First, delete ⅔ of the them - no one really wants to see 7 pictures of the exact same thing.  Pick the good one and DELETE the others.

Second, caption the photos NOW.  Don't wait - because if you do you will all of a sudden have 100 photos from October of '09 and you can't remember exactly who, what, where information.biggrin

Then decide how you are going to use them.  Blog, photo albumin, Facebook, etc.  

We have backup storage and also store pictures online at our blog site.  

 

Barb

 


 I'd have to go along with Barb here except instead of 2/3 more like 9/10 or maybe 19/20.  The pros toss 1000's to get just one shot.

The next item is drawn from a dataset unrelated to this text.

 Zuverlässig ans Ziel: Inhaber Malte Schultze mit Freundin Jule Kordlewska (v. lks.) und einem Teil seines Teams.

Here's my reasoning, it doesn't matter if its a picture of your favorite thing, person or whatever, if it's even a tiny bit blurry... gone.  Save only clear/sharp pix that have memorable, truly memorable subjects in them.... awesome sunrise, telephoto shot of that eagle, candid pix of a pet or family member when they aren't hamming it for the camera... 

Unfortunately it's hard for people to separate themselves from some things and memories, even blurry ones or ones you can't quite put a finger on what was going on in the shot, seem to be the hardest. You'll realize that you don't need every picture of you past to retain fond memories and great shots of key events are priceless.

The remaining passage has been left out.